__Data provided__
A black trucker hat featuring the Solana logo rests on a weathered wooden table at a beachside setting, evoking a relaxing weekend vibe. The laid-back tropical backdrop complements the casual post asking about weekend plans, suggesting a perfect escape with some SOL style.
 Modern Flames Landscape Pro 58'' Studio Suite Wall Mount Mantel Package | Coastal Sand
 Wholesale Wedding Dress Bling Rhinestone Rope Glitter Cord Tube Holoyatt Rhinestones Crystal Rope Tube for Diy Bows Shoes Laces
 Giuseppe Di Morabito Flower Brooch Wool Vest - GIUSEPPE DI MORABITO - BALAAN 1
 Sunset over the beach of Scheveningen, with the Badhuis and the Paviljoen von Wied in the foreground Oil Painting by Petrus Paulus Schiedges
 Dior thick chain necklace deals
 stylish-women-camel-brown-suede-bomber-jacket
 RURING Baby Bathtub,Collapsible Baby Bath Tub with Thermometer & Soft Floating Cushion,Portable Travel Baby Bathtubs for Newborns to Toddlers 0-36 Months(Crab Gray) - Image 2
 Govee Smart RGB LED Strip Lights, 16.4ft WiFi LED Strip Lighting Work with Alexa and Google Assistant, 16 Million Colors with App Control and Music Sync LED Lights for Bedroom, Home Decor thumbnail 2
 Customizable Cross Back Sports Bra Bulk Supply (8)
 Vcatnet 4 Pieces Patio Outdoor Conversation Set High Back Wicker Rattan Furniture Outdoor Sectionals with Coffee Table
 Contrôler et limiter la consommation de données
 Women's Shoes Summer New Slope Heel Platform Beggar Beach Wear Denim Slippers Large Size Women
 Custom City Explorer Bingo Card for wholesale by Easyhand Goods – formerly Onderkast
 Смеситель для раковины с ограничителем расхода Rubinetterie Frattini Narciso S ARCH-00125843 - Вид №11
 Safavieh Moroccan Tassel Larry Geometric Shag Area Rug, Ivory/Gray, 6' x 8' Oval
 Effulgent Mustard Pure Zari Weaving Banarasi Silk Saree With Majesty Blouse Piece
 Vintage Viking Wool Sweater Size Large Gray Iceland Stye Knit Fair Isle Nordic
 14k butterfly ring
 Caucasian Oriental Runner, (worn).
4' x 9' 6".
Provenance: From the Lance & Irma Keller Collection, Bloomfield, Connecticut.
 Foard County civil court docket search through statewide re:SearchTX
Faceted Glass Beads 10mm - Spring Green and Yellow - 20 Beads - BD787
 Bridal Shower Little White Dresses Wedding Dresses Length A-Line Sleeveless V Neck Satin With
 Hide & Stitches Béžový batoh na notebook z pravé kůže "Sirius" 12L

__Activity__
Extract all of the data exactly as written.

__Task output__
A black trucker hat featuring the Solana logo rests on a weathered wooden table at a beachside setting, evoking a relaxing weekend vibe. The laid-back tropical backdrop complements the casual post asking about weekend plans, suggesting a perfect escape with some SOL style.
 Modern Flames Landscape Pro 58'' Studio Suite Wall Mount Mantel Package | Coastal Sand
 Wholesale Wedding Dress Bling Rhinestone Rope Glitter Cord Tube Holoyatt Rhinestones Crystal Rope Tube for Diy Bows Shoes Laces
 Giuseppe Di Morabito Flower Brooch Wool Vest - GIUSEPPE DI MORABITO - BALAAN 1
 Sunset over the beach of Scheveningen, with the Badhuis and the Paviljoen von Wied in the foreground Oil Painting by Petrus Paulus Schiedges
 Dior thick chain necklace deals
 stylish-women-camel-brown-suede-bomber-jacket
 RURING Baby Bathtub,Collapsible Baby Bath Tub with Thermometer & Soft Floating Cushion,Portable Travel Baby Bathtubs for Newborns to Toddlers 0-36 Months(Crab Gray) - Image 2
 Govee Smart RGB LED Strip Lights, 16.4ft WiFi LED Strip Lighting Work with Alexa and Google Assistant, 16 Million Colors with App Control and Music Sync LED Lights for Bedroom, Home Decor thumbnail 2
 Customizable Cross Back Sports Bra Bulk Supply (8)
 Vcatnet 4 Pieces Patio Outdoor Conversation Set High Back Wicker Rattan Furniture Outdoor Sectionals with Coffee Table
 Contrôler et limiter la consommation de données
 Women's Shoes Summer New Slope Heel Platform Beggar Beach Wear Denim Slippers Large Size Women
 Custom City Explorer Bingo Card for wholesale by Easyhand Goods – formerly Onderkast
 Смеситель для раковины с ограничителем расхода Rubinetterie Frattini Narciso S ARCH-00125843 - Вид №11
 Safavieh Moroccan Tassel Larry Geometric Shag Area Rug, Ivory/Gray, 6' x 8' Oval
 Effulgent Mustard Pure Zari Weaving Banarasi Silk Saree With Majesty Blouse Piece
 Vintage Viking Wool Sweater Size Large Gray Iceland Stye Knit Fair Isle Nordic
 14k butterfly ring
 Caucasian Oriental Runner, (worn).
4' x 9' 6".
Provenance: From the Lance & Irma Keller Collection, Bloomfield, Connecticut.
 Foard County civil court docket search through statewide re:SearchTX
Faceted Glass Beads 10mm - Spring Green and Yellow - 20 Beads - BD787
 Bridal Shower Little White Dresses Wedding Dresses Length A-Line Sleeveless V Neck Satin With
 Hide & Stitches Béžový batoh na notebook z pravé kůže "Sirius" 12L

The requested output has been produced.